Clients can also present with warrants to imprison where a court has ordered that they be sentenced to a term of imprisonment in default of payment of a fine or instalment order under the Sentencing Act1991 (Vic). Warrants to imprison are issued under s 68 of the Magistrates Court Act 1989 (Vic).
To identify which of these types of matters your client has, you should contact the Magistrates’ Court to obtain a copy of the orders on the court file.
Although very rare, one of the ways in which clients come to get an imprisonment in lieu order under the Sentencing Act is where they have been given a community corrections order, a fine conversion order or fine default unpaid community work order which has been breached. When this happens they are then brought back before the Court via charge and summons (s 83AG(1) of the SA).
The key differences in relation to these matters as opposed to warrants to imprison under s 165 of the Fines Reform Act 2014 (Vic) are:
The jurisdictional complexities do not exist – these are criminal proceedings for the purpose of the Criminal Procedure Act 2009 (Vic) so there is a right of appeal and rehearing available to clients;
The underlying offences for which the client was sentenced may involve criminal charges. Contact Homeless Law to discuss the prospects of our Senior Criminal Lawyer taking on and defending the matter or making a referral to Victoria Legal Aid.

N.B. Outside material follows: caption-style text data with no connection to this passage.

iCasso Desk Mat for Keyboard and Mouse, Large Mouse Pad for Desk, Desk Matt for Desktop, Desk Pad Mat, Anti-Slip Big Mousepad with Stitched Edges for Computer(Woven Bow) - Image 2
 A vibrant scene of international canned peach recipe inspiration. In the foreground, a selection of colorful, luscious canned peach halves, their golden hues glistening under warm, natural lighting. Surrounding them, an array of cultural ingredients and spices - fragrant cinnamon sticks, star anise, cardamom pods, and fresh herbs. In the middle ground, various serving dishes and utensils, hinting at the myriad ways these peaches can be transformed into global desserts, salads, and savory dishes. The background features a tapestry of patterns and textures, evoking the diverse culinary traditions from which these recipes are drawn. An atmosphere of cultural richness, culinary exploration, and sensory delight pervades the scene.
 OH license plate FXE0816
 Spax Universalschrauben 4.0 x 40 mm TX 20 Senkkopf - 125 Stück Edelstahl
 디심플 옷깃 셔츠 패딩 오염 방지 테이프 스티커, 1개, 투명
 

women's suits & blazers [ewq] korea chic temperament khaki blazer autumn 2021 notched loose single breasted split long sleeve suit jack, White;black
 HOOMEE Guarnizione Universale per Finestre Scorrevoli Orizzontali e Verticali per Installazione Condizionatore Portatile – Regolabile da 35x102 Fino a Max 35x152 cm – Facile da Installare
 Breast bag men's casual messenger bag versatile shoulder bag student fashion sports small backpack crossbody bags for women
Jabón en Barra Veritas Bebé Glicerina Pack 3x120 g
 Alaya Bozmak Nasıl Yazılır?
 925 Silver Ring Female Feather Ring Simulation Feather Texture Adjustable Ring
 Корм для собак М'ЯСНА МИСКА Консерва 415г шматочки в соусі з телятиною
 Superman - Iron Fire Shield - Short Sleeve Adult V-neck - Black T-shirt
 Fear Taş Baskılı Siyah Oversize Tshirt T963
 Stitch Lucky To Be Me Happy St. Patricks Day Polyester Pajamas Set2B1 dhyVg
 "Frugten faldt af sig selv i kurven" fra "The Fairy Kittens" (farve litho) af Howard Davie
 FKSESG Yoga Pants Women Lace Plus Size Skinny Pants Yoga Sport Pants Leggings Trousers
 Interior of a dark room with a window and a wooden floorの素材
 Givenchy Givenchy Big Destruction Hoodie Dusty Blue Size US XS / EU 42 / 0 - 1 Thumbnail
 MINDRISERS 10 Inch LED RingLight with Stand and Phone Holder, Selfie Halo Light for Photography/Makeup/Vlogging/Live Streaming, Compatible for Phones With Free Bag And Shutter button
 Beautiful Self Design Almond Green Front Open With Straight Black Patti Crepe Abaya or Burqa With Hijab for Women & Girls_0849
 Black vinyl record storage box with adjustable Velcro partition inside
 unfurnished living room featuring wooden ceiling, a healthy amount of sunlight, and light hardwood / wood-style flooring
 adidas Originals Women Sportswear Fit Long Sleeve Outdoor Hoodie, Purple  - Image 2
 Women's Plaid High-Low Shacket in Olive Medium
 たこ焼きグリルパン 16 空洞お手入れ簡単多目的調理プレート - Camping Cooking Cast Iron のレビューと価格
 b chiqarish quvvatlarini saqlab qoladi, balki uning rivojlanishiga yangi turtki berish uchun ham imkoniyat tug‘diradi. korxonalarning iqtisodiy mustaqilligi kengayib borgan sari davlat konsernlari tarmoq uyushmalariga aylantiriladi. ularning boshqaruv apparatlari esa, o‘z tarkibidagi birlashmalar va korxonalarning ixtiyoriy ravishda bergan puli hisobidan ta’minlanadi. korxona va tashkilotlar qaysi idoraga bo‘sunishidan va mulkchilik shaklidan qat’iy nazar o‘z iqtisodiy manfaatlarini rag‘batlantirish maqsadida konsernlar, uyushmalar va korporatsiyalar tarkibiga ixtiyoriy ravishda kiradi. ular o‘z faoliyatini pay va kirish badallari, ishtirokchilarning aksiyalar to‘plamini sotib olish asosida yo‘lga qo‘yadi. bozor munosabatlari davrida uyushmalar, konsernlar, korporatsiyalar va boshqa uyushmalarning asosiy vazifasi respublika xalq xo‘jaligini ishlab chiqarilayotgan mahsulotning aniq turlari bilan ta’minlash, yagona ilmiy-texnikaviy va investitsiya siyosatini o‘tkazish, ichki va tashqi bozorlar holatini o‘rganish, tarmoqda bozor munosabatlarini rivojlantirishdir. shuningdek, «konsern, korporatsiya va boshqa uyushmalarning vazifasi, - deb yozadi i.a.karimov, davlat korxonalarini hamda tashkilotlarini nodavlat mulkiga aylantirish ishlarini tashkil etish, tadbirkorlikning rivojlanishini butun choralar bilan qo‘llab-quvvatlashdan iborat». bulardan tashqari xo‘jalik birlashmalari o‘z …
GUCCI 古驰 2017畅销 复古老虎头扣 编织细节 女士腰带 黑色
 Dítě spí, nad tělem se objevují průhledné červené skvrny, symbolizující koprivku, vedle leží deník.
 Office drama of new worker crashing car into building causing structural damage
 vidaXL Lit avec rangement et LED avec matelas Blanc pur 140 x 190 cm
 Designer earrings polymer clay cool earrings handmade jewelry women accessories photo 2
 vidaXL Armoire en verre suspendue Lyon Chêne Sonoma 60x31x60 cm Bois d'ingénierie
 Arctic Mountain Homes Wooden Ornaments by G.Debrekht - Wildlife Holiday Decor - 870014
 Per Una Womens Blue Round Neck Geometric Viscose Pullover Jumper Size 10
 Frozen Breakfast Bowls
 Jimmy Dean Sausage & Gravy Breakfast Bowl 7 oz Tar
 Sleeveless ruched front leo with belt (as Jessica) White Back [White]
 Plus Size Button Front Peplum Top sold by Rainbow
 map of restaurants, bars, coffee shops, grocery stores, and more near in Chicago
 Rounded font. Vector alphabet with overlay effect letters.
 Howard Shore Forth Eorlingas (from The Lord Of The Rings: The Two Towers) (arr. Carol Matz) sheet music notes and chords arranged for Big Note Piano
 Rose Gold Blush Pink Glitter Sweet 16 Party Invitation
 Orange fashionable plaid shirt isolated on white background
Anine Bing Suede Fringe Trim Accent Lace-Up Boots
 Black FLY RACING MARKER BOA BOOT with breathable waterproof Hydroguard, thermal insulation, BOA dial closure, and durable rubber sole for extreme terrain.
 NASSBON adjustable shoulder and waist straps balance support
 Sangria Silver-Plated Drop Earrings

With these differences in mind, the following options apply to clients with warrants to imprison stemming from orders under the Sentencing Act:
Negotiate with the sheriff to hold off enforcement to allow the client to get the money together or consider other options
Appeal the conviction and the sentence or just the sentence. Because the client has been sentenced as part of a criminal proceeding, the client has the option of appealing the Magistrate’s decision (as opposed to imprisonment orders made under s 165 of the FRA where there are limited rights of appeal).